Miriam Chusid

Assistant Professor, Art History

Education

PhD, Japanese Art and Archaeology, Princeton University, 2016
MA, Japanese Studies, SOAS, University of London, 2005
BA, Art History, Boston University, 2004

Biography

I specialize in Japanese art and visual culture with an interest in East Asian Buddhist art; the role of women in the production and reception of religious images; visual narratives and narrative theory; the place of conservation in art historical inquiry; and contemporary Japanese art.

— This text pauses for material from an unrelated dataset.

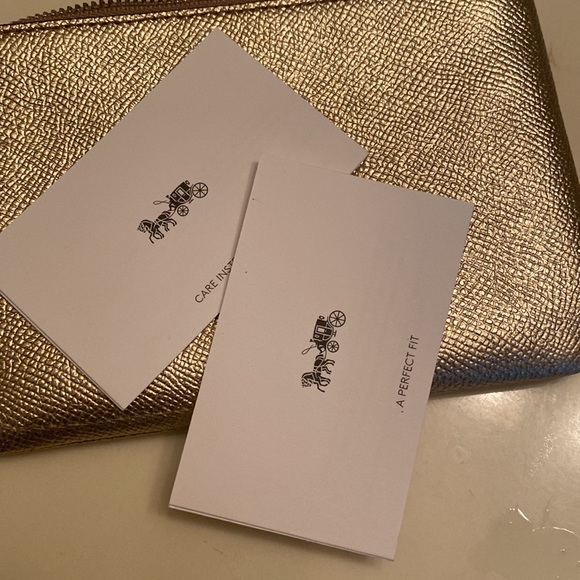 Coach wristlet NWT - Picture 4 of 6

My current book project entitled Envisioning the Afterlife: Image, Text, and Ritual Practice in Premodern Japan examines the emergence in the thirteenth century of pictures of Buddhist hell used in rituals to benefit the dead. In particular, it weaves together three lines of inquiry: an investigation of the iconographies and themes that patrons and painters incorporated into images of hell; strategies of the use and display of these images; and the practice of the maintenance and repair of the paintings. By uncovering the visual, ritual, and material matrix from which depictions of the infernal realms were given form and meaning, I demonstrate how producers of these objects addressed a range of postmortem concerns and expectations within increasingly diverse Buddhist communities.

Before coming to the University of Washington in 2021, I held postdoctoral fellowships at The Metropolitan Museum of Art and the Burke Center for Japanese Art at Columbia University. I was also a Visiting Assistant Professor at Haverford College.